A cornerstone of the Affordable Care Act of 2010 (ACA) is making healthcare coverage available to the millions of people who currently cannot afford it. As part of this, the law calls for expanding Medicaid to cover people under age 65 with income of 133 percent of the federal poverty line (FPL) starting in 2014. This is estimated to increase the number of people currently in Medicaid by at least 15 million. (The federal poverty line is $23,050 for a family of four in 2012.) However, the U.S. Supreme Court ruling on Medicaid expansion under ACA essentially makes complying with this provision optional for states.

As a result, each state is able to determine whether or not to participate in the expansion. This uncertainty is important because ACA also has an individual mandate: all U.S. citizens and legal residents will be required to have qualifying health coverage starting in 2014.

This means millions of people will be worried about how they are going to pay for healthcare coverage—and wondering, will they or won’t they be able to receive benefits under Medicaid in the state where they live. This is particularly true for people with disabilities who often have dwindling income and resources, significant medical needs and limited access to healthcare coverage.

Medicaid and Disability Today

Before looking at possible Medicaid coverage scenarios under ACA, it’s useful to look at the current situation. Today, more than one-third of individuals with serious disabilities will lose their health insurance while awaiting SSDI benefits, based on research by Allsup, a company that provides Social Security Disability Insurance (SSDI) representation. These people may lose their healthcare coverage for a variety of reasons, but often it’s because they can no longer afford the premiums.

Currently, Medicaid provides health benefits for some people with low incomes, including children, parents with dependent children, seniors and people with disabilities. As a result, if you have a disability, you may qualify for Medicaid if your income and assets meet your state’s requirements.

People with Disabilities and Medicaid Expansion Opt-In States

States opting into Medicaid expansion appear to be in the minority. For example, a July MSNBC analysis finds leaders in more than half the states have indicated they are against or appear to be leaning against expansion. States planning or leaning toward participating include Arkansas, California, Connecticut, Delaware, Hawaii, Illinois, Maryland, Minnesota, Oregon, Rhode Island, Vermont and Washington, and the District of Columbia.

Starting in 2014, people with disabilities living in participating states will find it easier to get Medicaid. The expansion means that any adult who earns less than 133 percent of the federal poverty level in these states can sign up for Medicaid – regardless of whether they are disabled and their assets generally are not considered when determining eligibility.

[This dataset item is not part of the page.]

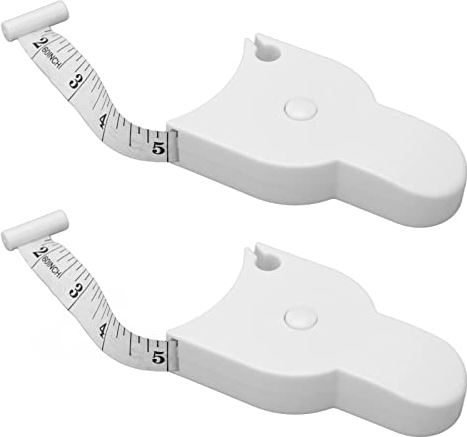 Chanme Naaipin Lock-meetlint Flexibel draagbaar meetlint voor het snijden van handwerk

People with Disabilities and States Opting Out of Medicaid Expansion

States indicating they will not or likely will not expand Medicaid (based on the same MSNBC analysis) include Alabama, Alaska, Arizona, Florida, Georgia, Idaho, Indiana, Iowa, Kansas, Louisiana, Maine, Michigan, Mississippi, Missouri, Nebraska, Nevada, New Hampshire, New Jersey, North Dakota, Ohio, Oklahoma, Pennsylvania, South Carolina, South Dakota, Tennessee, Texas, Utah, Virginia, Wisconsin and Wyoming.

While many states have not fully committed one way or another, states that choose to opt out of the Medicaid expansion may find they are creating a new “at risk” population: individuals and their families who are required to have healthcare coverage, but are unable to qualify for Medicaid and unable to afford private coverage.

Some people may benefit from state exchanges, which will come online in 2014 and are designed to help people and small businesses find affordable healthcare coverage.

ACA also provides tax credits for premiums to people with income between 100 percent and 400 percent of the federal poverty level ($23,050 to $92,000 annually in 2012 for a family of four). The premium credit varies based on income. The person pays a portion of the premium, and a tax credit may cover the rest or a significant portion of the remaining premium, depending on the type of plan selected. However, even that may be more than some individuals with limited means can afford.